Heatmap

phyloFlash runs from multiple libraries can be compared with a heatmap with the phyloFlash_heatmap.R script. New users are recommended not to use this script directly, but to use the wrapper phyloFlash_compare.pl (see Utilities).

The comparison is based on the counts of how many reads map onto each reference sequence, and the taxonomic affiliation of the reference taken from the SILVA taxonomy string. These are the “NTUs” found under the heading “Read mapping based detected higher taxa” in the standard phyloFlash output.

Libraries will be clustered by their similarity in terms of taxonomic content. Taxa/NTUs will be clustered by their co-occurrence across samples.

Quickstart:

phyloFlash_heatmap.R -h # Show help message
# Run from same folder as phyloFlash output
phyloFlash_heatmap.R -o heatmap.png *.csv

1. Requirements

Requires R and the following packages: optparse, methods, grid, ggplot2, reshape2, ggdendro, gtable.

The script can also be run within the R environment with source("/path/to/phyloFlash_heatmap.R"). A short help message will appear when the script is loaded in the R environment.

2. Basic heatmap

The input to the phyloFlash_heatmap.R script are the .csv outputs from phyloFlash.pl. You will need the .csv files from at least two runs to perform the comparison. For simplicity, it is probably easier to copy all the .csv files that you need into a single folder to run the heatmap analysis.

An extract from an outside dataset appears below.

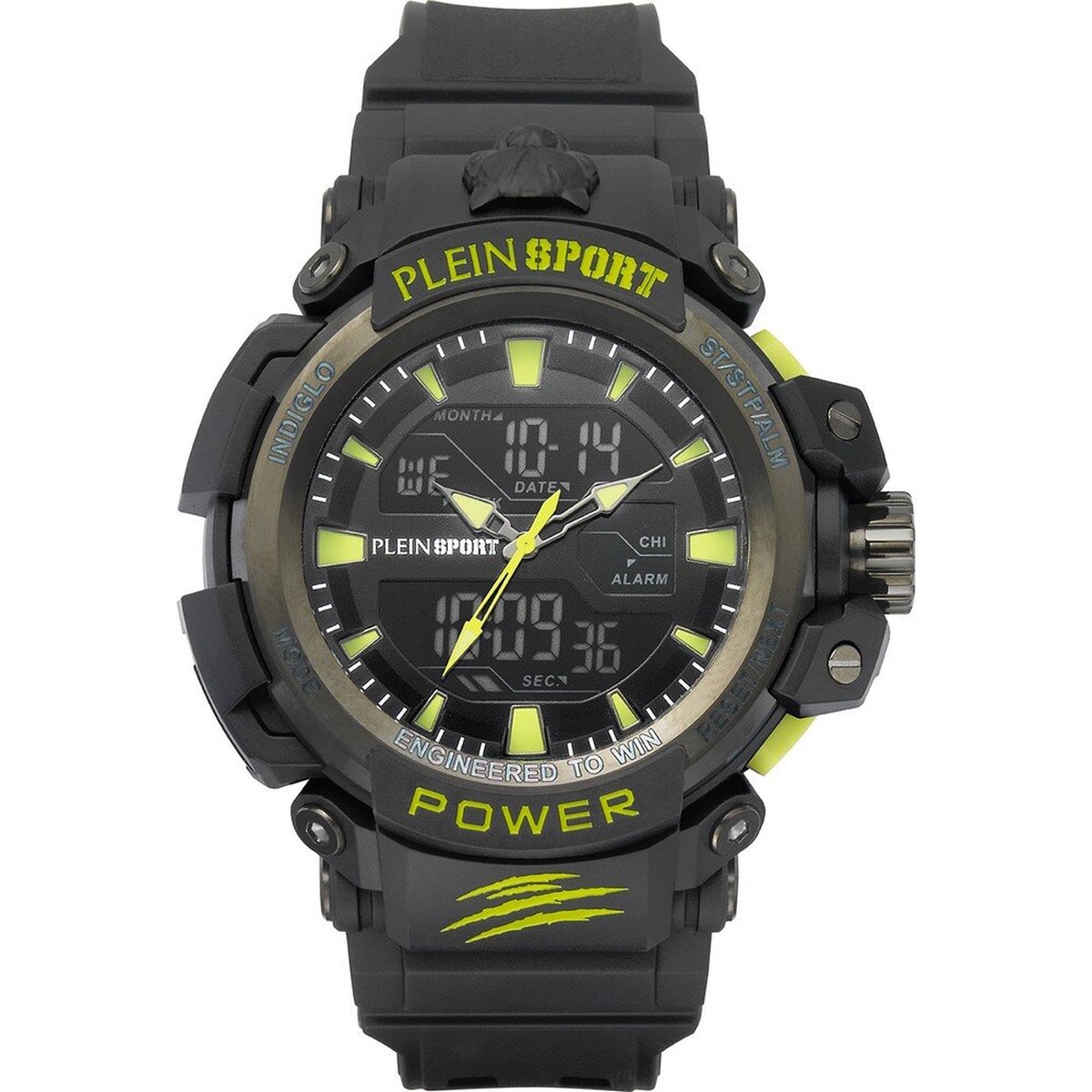 Plein Sport Combat PSNBA0423 mannen horloge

phyloFlash_heatmap.R -o output.png *.csv
# Alternative: get library names from filenames
phyloFlash_heatmap.R -o output.png --library-name-from-file *.csv

Running this in the test_files folder will yield a heatmap like this:

Demo heatmap from data in test_files folder

3. How to interpret the heatmap:

  • Rows represent taxa, columns represent samples.
  • The color scale indicates abundance of taxon by number of reads, scaled as percentages.
  • The heatmap is split by taxonomy into Eukaryota and non-Eukaryota.
  • Taxonomic diversity of the sample is reported as the Chao1 statistic
  • NTUs with counts below 50 are placed together in “Other” by default

4. Changing heatmap options

View the full list of options with the help flag

phyloFlash_heatmap.R -h

Here is an overview of the more commonly-used options

4.1. Changing output appearance

Changes to the appearance of the output figure can be made via the following options for the phyloFlash_heatmap.R script:

-o FILENAME or --out=FILENAME Choose output filename. Format is either PNG or PDF, specified by the output filename extensions.

--colors=COLORS Change colors used for heatmap. Options are steelblue, indianred, green, and orange.

-s HEIGHTXWIDTH or --out-size=HEIGHTXWIDTH Change output image size, the default is autoXauto

-r ROWS or --rows=ROWS Choose what elements to draw for each row, any combination of tree, map, chao, and labels, separated by commas

-c COLS or --cols=COLS Choose what elemnts to draw for each column, any combination of labels, map, tree, separated by commas

-l or --long-taxnames Do not shorten taxa names to only the last two fields of taxonomy string

4.2. Changing clustering parameters

Clustering parameters for either libraries or taxa can be modified.

-a or --absolute Use absolute values instead of percentages

-n MIN-NTU-COUNT or --min-ntu-count=MIN-NTU-COUNT Change the threshold of counts per NTU to be included in the category “Other” in the heatmap. Default: 50

-m CLUSTER-SAMPLES or --cluster-samples=CLUSTER-SAMPLES Change the clustering method used for samples, choose between choose between alpha, ward, single, complete, average, mcquitty, median or centroid. To turn off clustering and sort samples alphabetically, choose alhpa. Default: ward.D

-M CLUSTER-TAXA or --cluster-taxa=CLUSTER-TAXA Change the clustering method used for taxa, choose between choose between alpha, ward, single, complete, average, mcquitty, median or centroid. To turn off clustering and to sort taxa alphabetically, choose alpha. Default: ward.D

--no-split Do not split heatmap

-t SPLIT-REGEX or --split-regex=SPLIT-REGEX Split the heatmap by a regular expression applied to the taxonomy strings. Default: ‘Eukaryota’

4.3. Further options and known issues

--library-name-from-file Get library/sample names for heatmap from filenames. Otherwise the script will look into the *report.csv files to find the corresponding library name

-v or --verbose; -q or --quiet Change the amount of detail in status/error messages.

-d or --debug Show debug messages - use this if there is a bug and you would like to submit an error report. The output will help us to diagnose the problem.

  • The clustering may fail if there is only one taxon
  • Running the comparison script will only give a first overview of your data: the output is dependent on the accuracy and consistency of the taxonomic annotation of the SILVA database.
  • Publication-ready figures will require additional curation, including in most cases a custom database for the organisms being targeted.